Reproduce the data exactly as given, except for any images.

—————

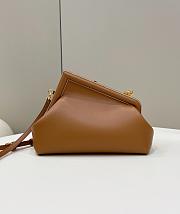Okify Fendi First Small Bag Brown 26x18x9.5cm - 4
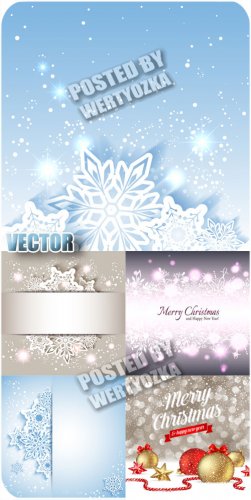   / Sparkling snowflakes - stock vector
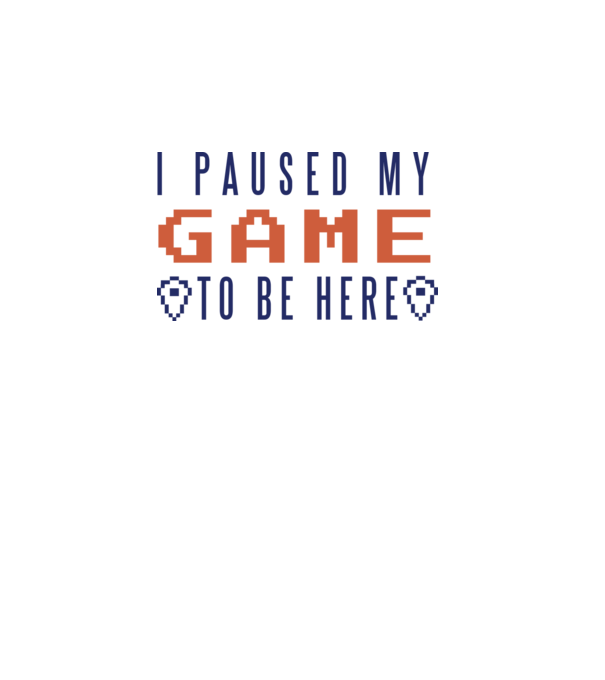 I Paused my game to be here model alb pe tricou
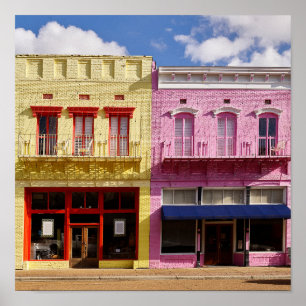 Vintage American Scenery Poster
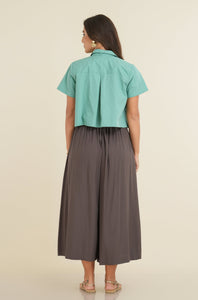 Midi Palazzo Pant - Deep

—————

### Your solution
Okify Fendi First Small Bag Brown 26x18x9.5cm - 4
   / Sparkling snowflakes - stock vector
 I Paused my game to be here model alb pe tricou
 Vintage American Scenery Poster
 Midi Palazzo Pant - Deep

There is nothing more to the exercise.